TASK REQUIREMENTS – Print out the full material below, exact in every line, with no images included.

SUPPLIED INFORMATION –
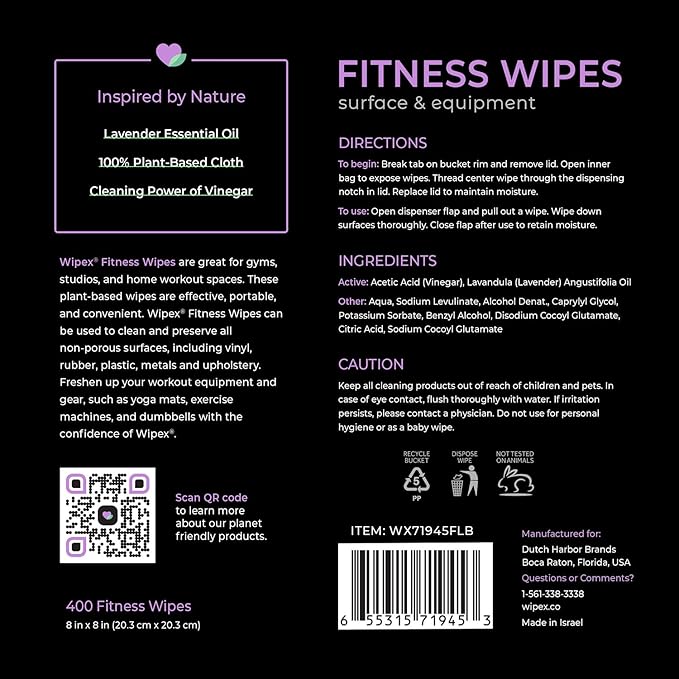 Wipex Gym Wipes - Natural Fitness Equipment Wipes, Plant-Based Cloth with Lavender & Vinegar, All-Purpose Cleaner - Safe to Use on Peloton Bikes & Yoga Mats, 400 Count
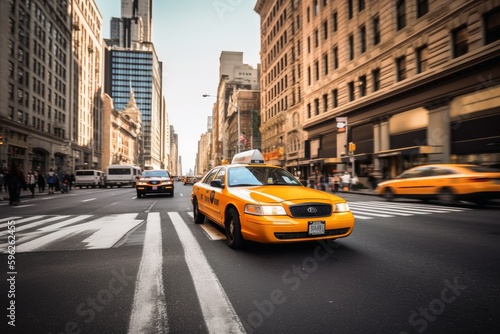 A yellow taxi in the streets of New York created with generative AI technology.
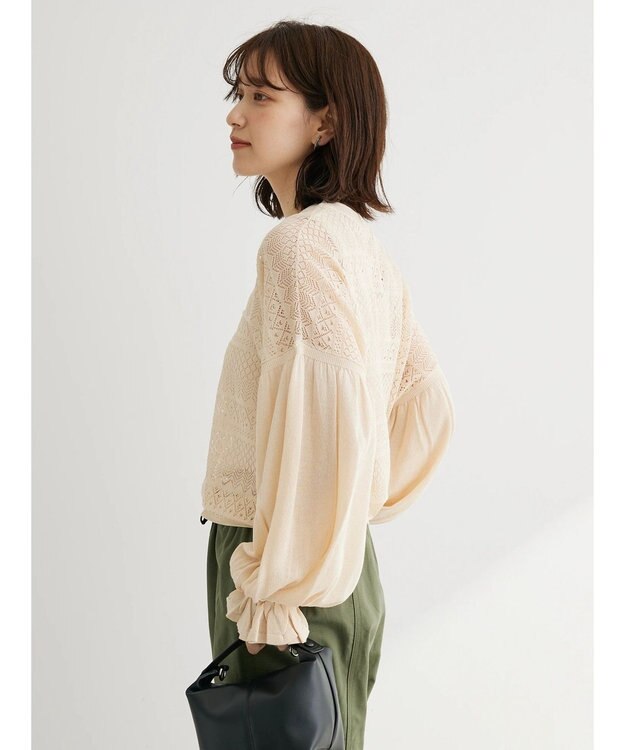 Green Parks ・ｆｕｒｒｙ　ｒａｔｅ　シアー×ギャザープルオーバー Light Beige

TASK RESPONSE –
 Wipex Gym Wipes - Natural Fitness Equipment Wipes, Plant-Based Cloth with Lavender & Vinegar, All-Purpose Cleaner - Safe to Use on Peloton Bikes & Yoga Mats, 400 Count
 A yellow taxi in the streets of New York created with generative AI technology.
 Green Parks ・ｆｕｒｒｙ　ｒａｔｅ　シアー×ギャザープルオーバー Light Beige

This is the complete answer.